La grande vitesse ferroviaire : un modèle porté au-delà de sa pertinence
La grande vitesse ferroviaire : un modèle porté au-delà de sa pertinence
- Un choix systématique de la grande vitesse ferroviaire
- Un modèle à bout de souffle, au coût devenu non soutenable
- Recommandations
Le développement du TGV s’est opéré en substitution des trains à grande distance classiques Intercités. La préférence française avérée pour la grande vitesse a abouti à un système peu cohérent, où les rames de TGV desservent 230 destinations et passent 40 % de leur temps en moyenne sur les lignes classiques, ce qui nécessite en outre un parc important de rames.
Sur certaines liaisons, les principales conditions de pertinence d’une ligne à grande vitesse (LGV) ne sont pas remplies, à savoir : connexion de bassins de population importants, durée de trajet à grande vitesse comprise entre 1h30 et 3h, peu ou pas d’arrêts intermédiaires, grande fréquence de circulation, taux d’occupation des rames élevé et bonne articulation avec les autres modes de transports.
Le processus de décision qui conduit à créer de nouvelles lignes comporte en effet de nombreux biais favorisant le choix de la grande vitesse : les schémas directeurs deviennent en pratique contraignants, les hypothèses de trafic et la valorisation du temps gagné sont trop optimistes, des annonces prématurées tiennent lieu de décision, les acteurs locaux poussent le projet mais l’appel aux collectivités territoriales pour le financement implique des contreparties coûteuses, le plan de financement de la ligne intervient beaucoup trop tardivement. Enfin, l’atout environnemental du TGV en exploitation, les effets sur les territoires et le développement économique des zones desservies doivent être relativisés.
Il s’ensuit que la rentabilité socio-économique des lignes à grande vitesse est systématiquement surestimée.
Depuis 2008, la fréquentation du TGV connaît une stagnation, qui se reflète dans celle du chiffre d’affaires de l’activité TGV au sein de la SNCF. De plus, la rentabilité des lignes diminue au fil de nouveaux projets de plus en plus coûteux.

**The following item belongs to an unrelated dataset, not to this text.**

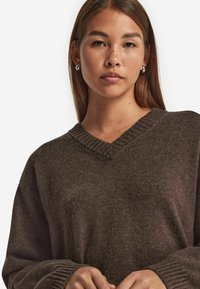 Brauner Oversized-Pullover mit V-Ausschnitt aus strukturiertem Strickstoff; mit gerippten Bündchen und Halsauschnitt; das Modell hält die Hände in der Taille.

En outre, la concurrence d’autres modes de transport (autocar, covoiturage) se développe.
La SNCF est par ailleurs confrontée à l’augmentation de ses coûts, en raison de l’accroissement des péages (+8,5 % par an en moyenne sur la période 2007-2013) mais aussi de celui des coûts hors péages (+6,2 % par an sur 2002-2009), y compris celui de la masse salariale.
Dans ce contexte, la marge opérationnelle de l’activité TGV s’est sensiblement dégradée, de 29 % du chiffre d’affaires en 2008 à 12 % en 2013.
De son côté, le haut niveau d’endettement de Réseau Ferré de France (RFF) l’empêche de financer de nouvelles lignes par emprunt. Par ailleurs, la suspension de l’écotaxe, dont l’Agence de financement des infrastructures de transport de France (Afitf) devait recevoir le produit, prive cette dernière de ressources, alors qu’elle n’a déjà pas été en mesure d’honorer ses engagements budgétaires en 2013.
Le financement des projets de LGV déjà décidés n’est donc pas assuré.
La Cour formule huit recommandations visant notamment à :
1/ mieux intégrer la grande vitesse aux choix de mobilité des Français, en insérant le TGV dans une offre tirant parti de l’ensemble des moyens de transport et en levant les restrictions à la concurrence des modes de transport longues distances routiers ;
2 / restreindre progressivement le nombre d’arrêts sur les tronçons de LGV et de dessertes des TGV sur voies classiques et extrémités de lignes, en ne conservant que celles justifiées par un large bassin de population ;
3 / assurer la transparence des données de la SNCF, en particulier la fréquentation par ligne ;
4 / faire prévaloir l’évaluation socio-économique des projets de LGV annoncés ;
5 / ne décider du lancement des études préliminaires qu’après :
- la définition d’un plan d’affaires pour la ligne, associant le gestionnaire d’infrastructure et le ou les opérateurs ferroviaires ;
- la prise en compte par une décision interministérielle formelle des perspectives de financement du projet d’infrastructure et la répartition entre les acteurs (État, RFF, éventuellement collectivités territoriales) ;
7/ concentrer en priorité les moyens financiers sur l’entretien du réseau par rapport aux projets de développement et améliorer le pilotage de la prestation d’entretien du réseau ferroviaire par le gestionnaire d’infrastructure ;
8/ veiller à ce que la définition des futurs ratios d’endettement du gestionnaire d’infrastructure conduise effectivement à ne pas financer des projets non rentables.